Required work:
Transcribe exactly the lines that begin the material and continue through the line containing "1pc Kids Leash". Leave out whatever follows.

---------- Data section

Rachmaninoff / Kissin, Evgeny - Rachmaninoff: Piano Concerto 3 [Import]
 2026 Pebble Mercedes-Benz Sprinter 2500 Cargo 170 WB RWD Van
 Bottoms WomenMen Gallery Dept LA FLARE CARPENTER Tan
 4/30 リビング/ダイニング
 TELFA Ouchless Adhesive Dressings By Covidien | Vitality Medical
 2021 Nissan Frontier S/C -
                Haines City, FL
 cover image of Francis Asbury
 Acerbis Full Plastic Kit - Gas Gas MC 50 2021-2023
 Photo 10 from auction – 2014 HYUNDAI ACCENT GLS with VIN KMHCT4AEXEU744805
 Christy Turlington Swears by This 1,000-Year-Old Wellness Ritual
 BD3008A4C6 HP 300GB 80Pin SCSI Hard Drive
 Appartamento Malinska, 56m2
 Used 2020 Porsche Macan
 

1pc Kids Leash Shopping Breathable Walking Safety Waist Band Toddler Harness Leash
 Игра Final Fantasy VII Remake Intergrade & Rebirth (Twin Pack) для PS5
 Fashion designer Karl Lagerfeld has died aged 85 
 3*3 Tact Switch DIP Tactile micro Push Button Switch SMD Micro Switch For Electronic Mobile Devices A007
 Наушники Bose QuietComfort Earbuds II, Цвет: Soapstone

--------------------

Solution to this problem:
Rachmaninoff / Kissin, Evgeny - Rachmaninoff: Piano Concerto 3 [Import]
 2026 Pebble Mercedes-Benz Sprinter 2500 Cargo 170 WB RWD Van
 Bottoms WomenMen Gallery Dept LA FLARE CARPENTER Tan
 4/30 リビング/ダイニング
 TELFA Ouchless Adhesive Dressings By Covidien | Vitality Medical
 2021 Nissan Frontier S/C -
                Haines City, FL
 cover image of Francis Asbury
 Acerbis Full Plastic Kit - Gas Gas MC 50 2021-2023
 Photo 10 from auction – 2014 HYUNDAI ACCENT GLS with VIN KMHCT4AEXEU744805
 Christy Turlington Swears by This 1,000-Year-Old Wellness Ritual
 BD3008A4C6 HP 300GB 80Pin SCSI Hard Drive
 Appartamento Malinska, 56m2
 Used 2020 Porsche Macan
 

1pc Kids Leash Shopping Breathable Walking Safety Waist Band Toddler Harness Leash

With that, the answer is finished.